L'association MigrENS, portée par des étudiants de l'école Normale Supérieure (mais dont l'adhésion est ouverte à tous), s'est donné pour mission première de faciliter la reprise et la poursuite des études des étudiant-e-s en exil (si vous voulez découvrir, et pourquoi pas soutenir, l'association plus en détail, un court entretien avec sa présidente vous attend à la fin de ce billet, après les photos).
Cette idée de la solidarité, fondée sur le partage de l'éducation et de la culture, ce lien qui dépasse les frontières et qui porte l'idée d'un enrichissement mutuel, c'est sans doute là que se trouve la "famille" que nous cherchons, celle que nous sommes nombreux à vouloir choisir.
Une famille où les "liens du sang" n'ont pas grand chose à voir avec le patrimoine génétique, mais bien avec le sang versé pour la liberté de tous, sans doute le seul "patrimoine" qui mérite que l'on meure en son nom.
Si vous aussi vous avez du mal à vous reconnaître dans l'inertie de nos institutions et le silence de nos médias, cherchez dans cette direction.

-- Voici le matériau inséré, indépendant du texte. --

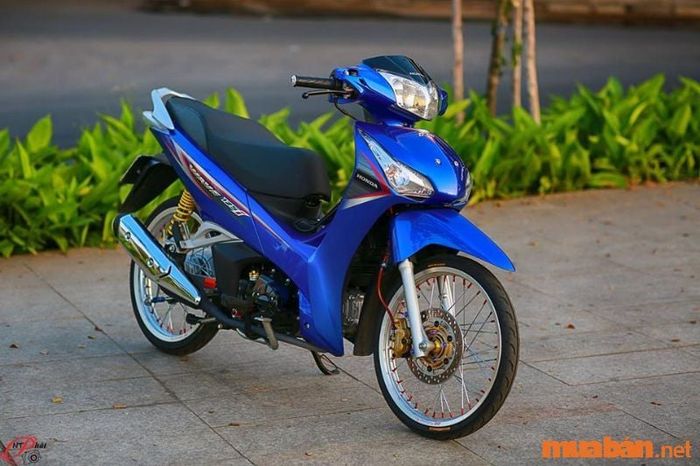 Honda Wave 125 độ kiểng nổi bật với những phụ kiện đơn giản nhưng đầy ấn tượng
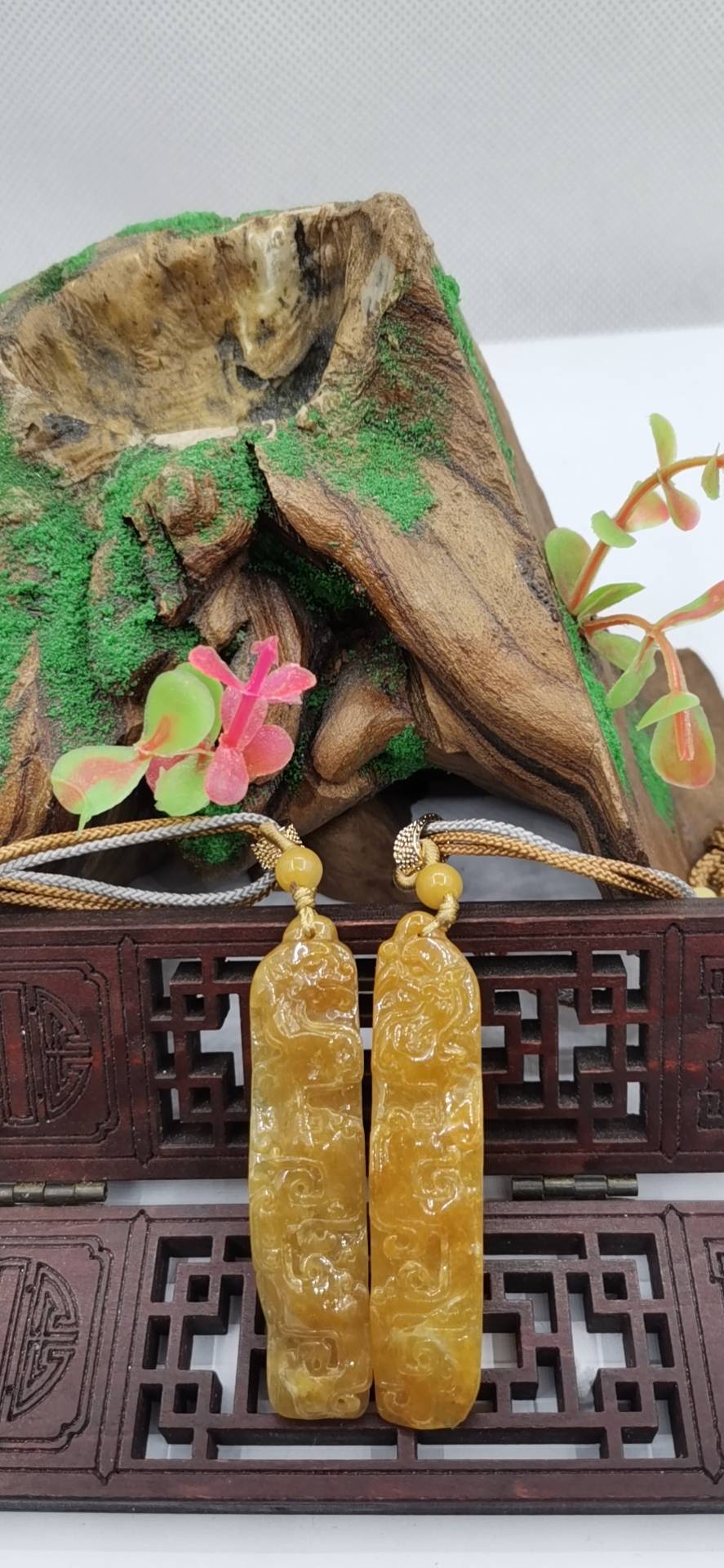 龙行天下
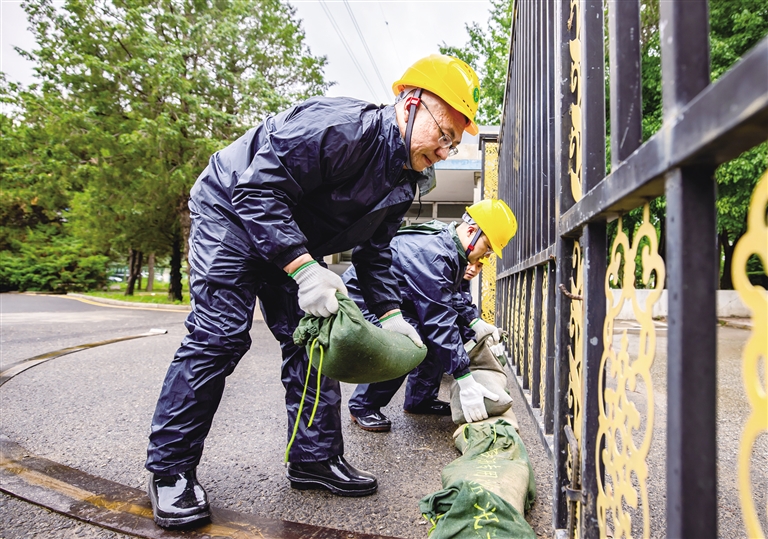 为防汛安全筑堤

Suivez les traces de notre jeunesse, soutenez l'engagement de ceux qui osent, et tentez de comprendre des valeurs qui, si elles sont peut-être un peu différentes des vôtres, sont celles d'une certaine jeunesse, et celles d'un futur qui tiendrait les promesses auxquelles nous sommes nombreux à avoir cru un jour. Et si vous êtes Parisien, pourquoi pas nous rejoindre dimanche dans la rue, pour faire écho au cri de la jeunesse iranienne:
Femme, Vie, Liberté... Solidarité !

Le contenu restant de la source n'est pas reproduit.